→ WHAT YOU ARE ASKED TO DO
The full listing should be written out verbatim, and its images should be dropped.

►

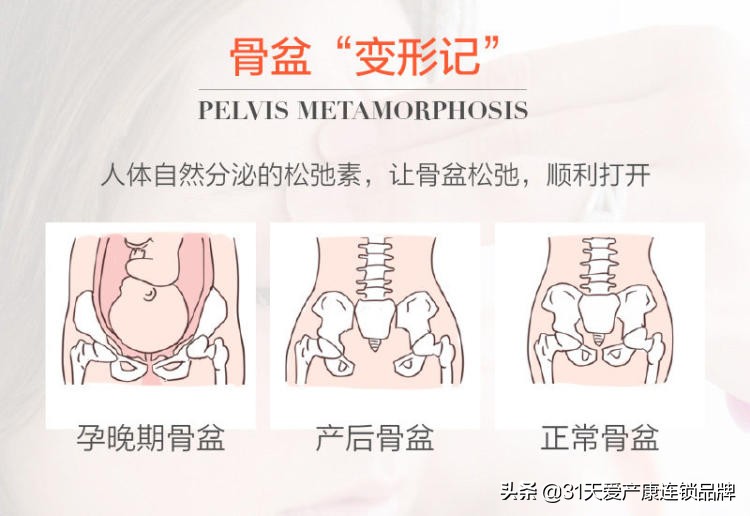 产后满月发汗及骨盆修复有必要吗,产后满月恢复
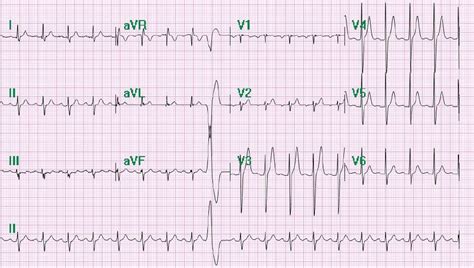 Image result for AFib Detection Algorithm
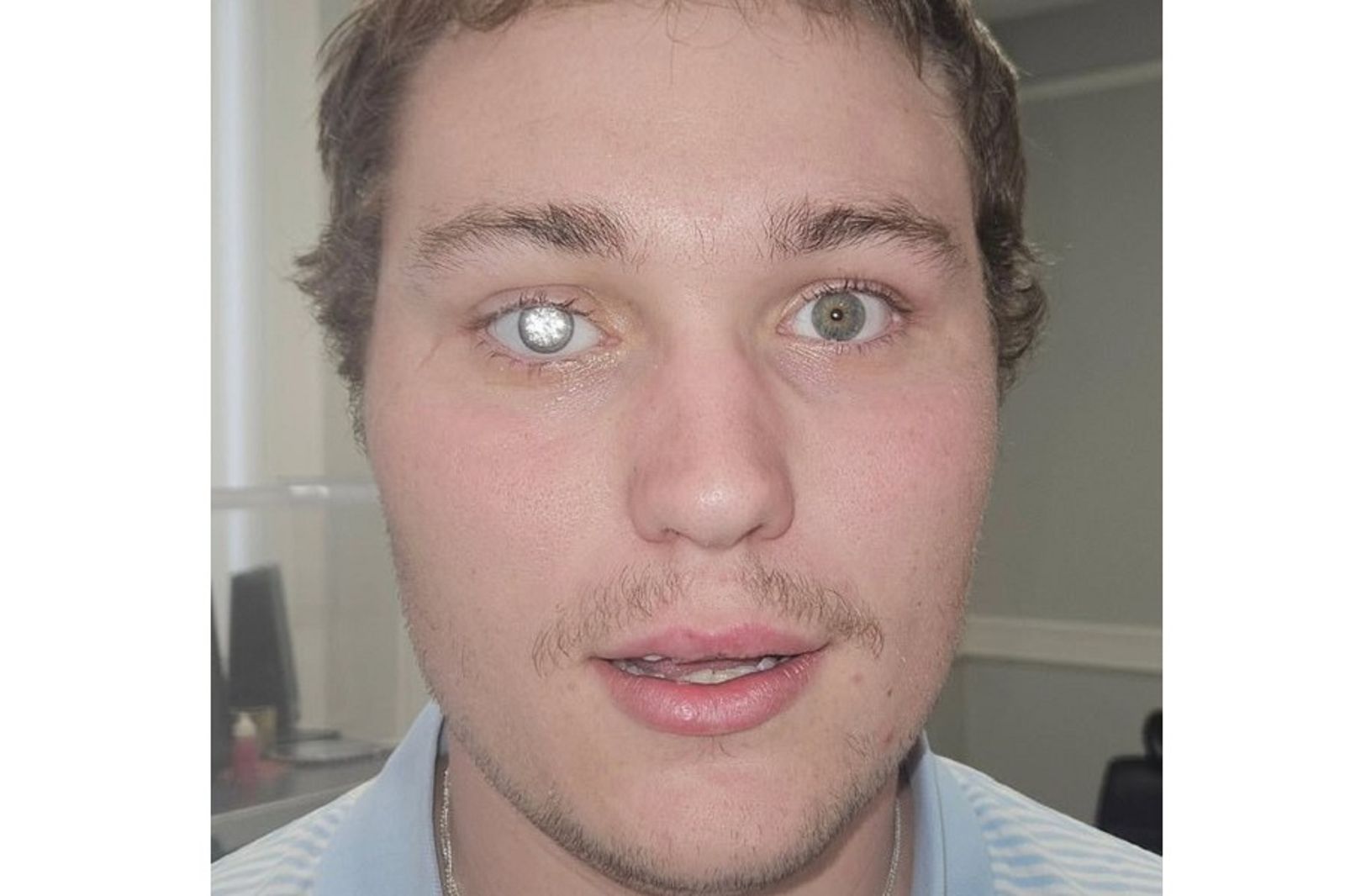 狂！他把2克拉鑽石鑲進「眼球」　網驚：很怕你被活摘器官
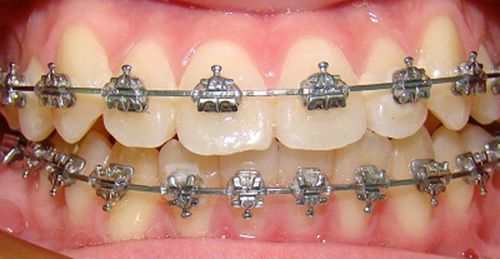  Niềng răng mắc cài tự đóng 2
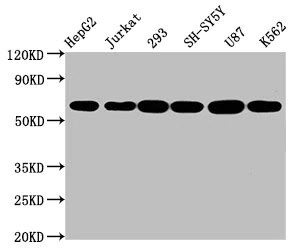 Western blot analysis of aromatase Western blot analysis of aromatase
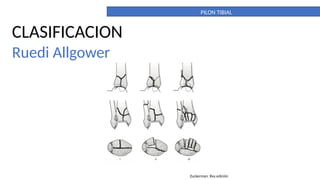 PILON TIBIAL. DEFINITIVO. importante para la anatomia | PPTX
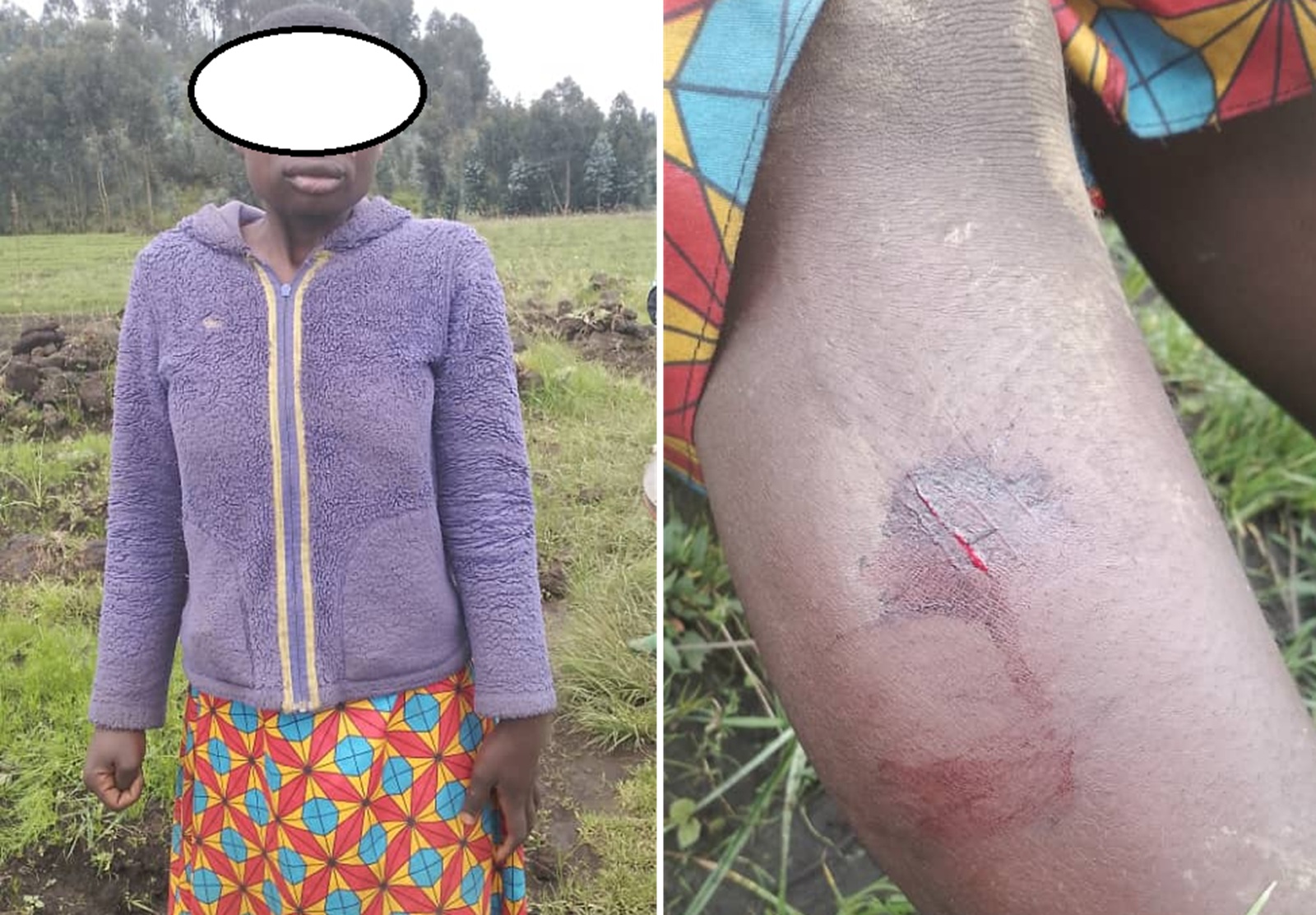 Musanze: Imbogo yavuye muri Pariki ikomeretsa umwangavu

◄

→ WRITTEN ANSWER
 产后满月发汗及骨盆修复有必要吗,产后满月恢复
 Image result for AFib Detection Algorithm
 狂！他把2克拉鑽石鑲進「眼球」　網驚：很怕你被活摘器官
  Niềng răng mắc cài tự đóng 2
 Western blot analysis of aromatase Western blot analysis of aromatase
 PILON TIBIAL. DEFINITIVO. importante para la anatomia | PPTX
 Musanze: Imbogo yavuye muri Pariki ikomeretsa umwangavu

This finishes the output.